PT Maruwai Coal Dukung Penerapan Program 5R di TK Pembina 1 Desa Tumbang Bauh dan TK Batu Permata
Murung Raya, dutakalteng.com – Komitmen dunia usaha dalam mendukung peningkatan kualitas pendidikan anak usia dini kembali ditunjukkan oleh PT Maruwai Coal bersama PT Alamtri Minerals Indonesia melalui penerapan program 5R di TK Pembina 1 Desa Tumbang Bauh, Selasa (5/5/2026).

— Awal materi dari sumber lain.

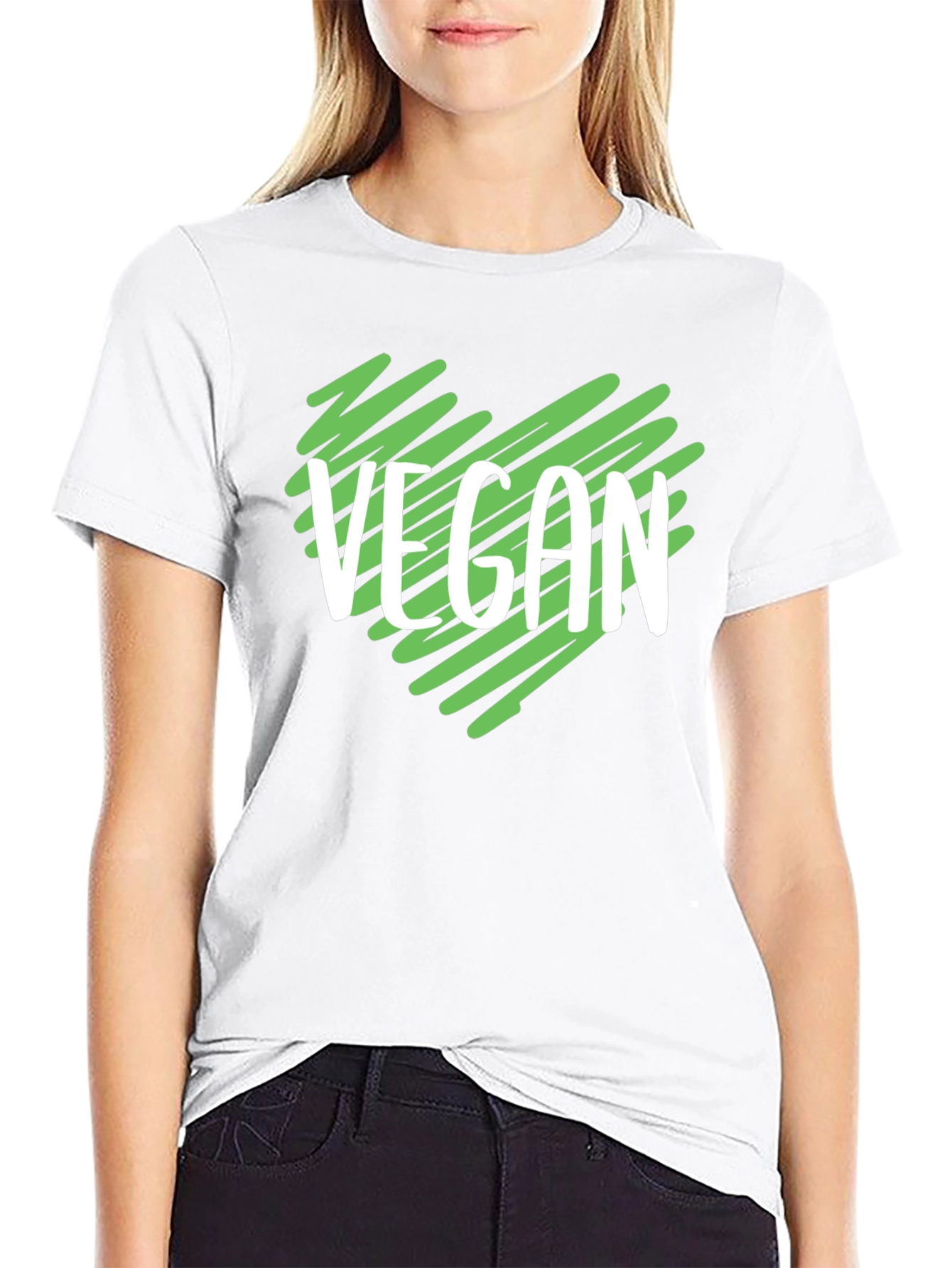 Vegan Heart T-Shirt - Black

Program 5R yang merupakan singkatan dari Ringkas, Rapi, Resik, Rawat, dan Rajin ini awalnya diinisiasi oleh Department Management Improvement AMI sebagai metode penataan dan pemeliharaan lingkungan kerja. Namun, seiring berjalannya waktu, konsep tersebut dinilai relevan untuk diterapkan di lingkungan sekolah guna menciptakan suasana belajar yang tertata, bersih, dan nyaman.
Pelaksanaan program ini dilatarbelakangi oleh masih rendahnya kepedulian terhadap penataan lingkungan pendidikan, meskipun perkembangan sektor pendidikan sendiri telah cukup pesat. AMI melihat perlunya langkah konkret untuk membangun kesadaran kolektif warga sekolah dalam menjaga kebersihan dan kerapian lingkungan secara berkelanjutan.
Sebelumnya, program 5R telah sukses diterapkan di SMP Negeri 2 Satu Atap Barito Tuhup Raya sejak tahun 2023. Keberhasilan tersebut terlihat dari perubahan signifikan pada lingkungan sekolah yang menjadi lebih rapi, bersih, dan terorganisir, serta meningkatnya kenyamanan siswa dalam proses belajar mengajar.
Melihat dampak positif tersebut, AMI kemudian memperluas implementasi program ke jenjang Pendidikan Anak Usia Dini (PAUD), termasuk di TK Pembina 1 Desa Tumbang Bauh. Program ini juga diterapkan di TK Batu Permata Desa Batu Tojah, dengan durasi pelaksanaan sekitar empat bulan sepanjang tahun 2025, melalui tahapan yang terstruktur dari Ringkas hingga Rajin.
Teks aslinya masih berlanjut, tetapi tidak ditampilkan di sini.